My own story is not entirely irrelevant to this; the 10-cent version is that my mother taught me to read, and I grew up voraciously reading everything in the house and the school and public library, and this is what went a long way toward saving me. My first eight years were in the typical public system, upon which I was pulled out and spent the last 5 in a tiny Baptist Christian school with no teachers and a self-paced program (which STILL taught subjects as compartmentalized things, though they did have and teach an overall vision that referred to Christ). But I still abandoned faith almost as soon as I finished school and spent twenty years as an agnostic. I got a BA, and an MA, and became a maverick teacher in Russia for several years before returning to the US and applying in both NY and CA for certification. (I fulfilled pretty much all the requirements to get into the NY program before despairing and leaving, long story, but I have enough direct experience to confirm that the programs are pretty much identical, and differ in nothing of consequence.) It was seeing the teacher requirements and the rules and regulations of the public system (taught public 3 years in CA). I taught both public and private in both NY and CA on the way, language centers, dedicated schools, a fairly broad range of experience. You can read the story of Steve Head, which I can absolutely affirm is true.
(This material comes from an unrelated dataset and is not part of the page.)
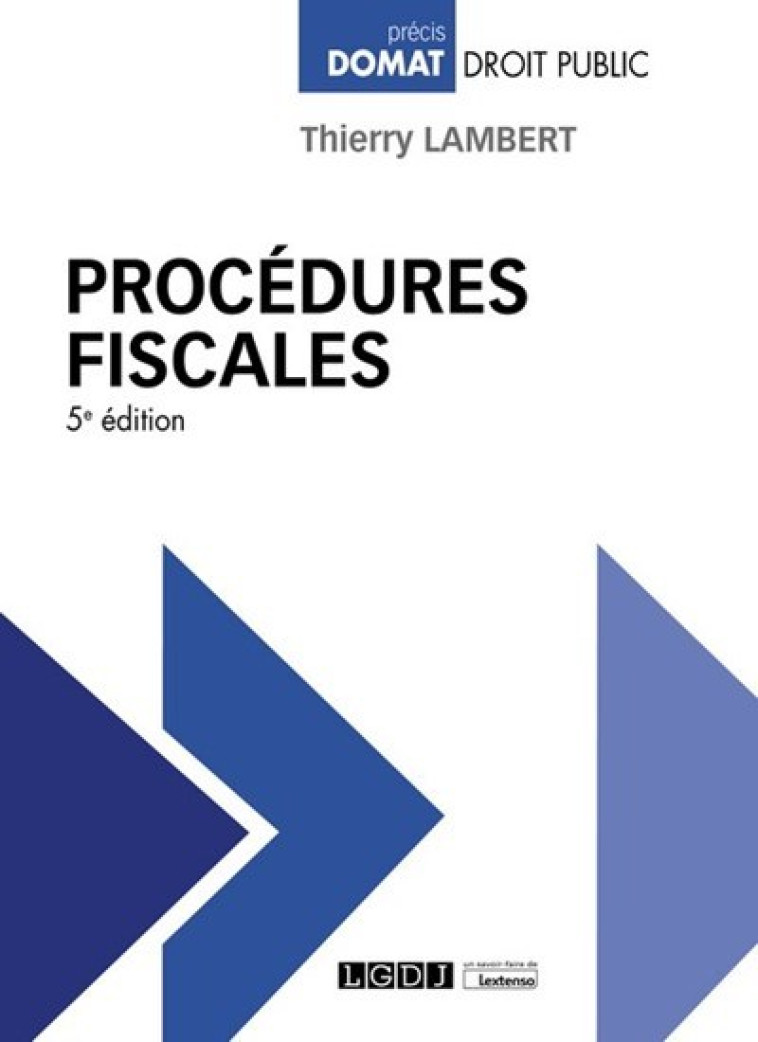 Procédures fiscales - Lambert  Thierry - LGDJ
http://www.city-journal.org/html/ed-schools’-latest—and-worst—humbug-12948.html
(Scroll down to the middle of the page or just search for his name on the page)
If this is what produces how nearly all scientists are taught, how could we believe their thinking could be shaped in any context of truth? We have a peculiar worship of science in our time; the word has near-magical authority; you can preface any statement, however absurd, with "Scientists have found..." and find credulity. In a word, scientism, a disproportionate value assigned to education in general, and the natural sciences in particular. The contradictions between scientism, that is, evolutionary teaching, and Tradition have been outlined clearly enough in this thread alone.
Sin and death cannot have both been present in the world from the beginning of a first amoeba AND have been introduced by a fully-formed man. It's so simple a small child can grasp it. It takes tremendous intellectual contortions that ignore numerous obvious contradictions to try to paste the two narratives together.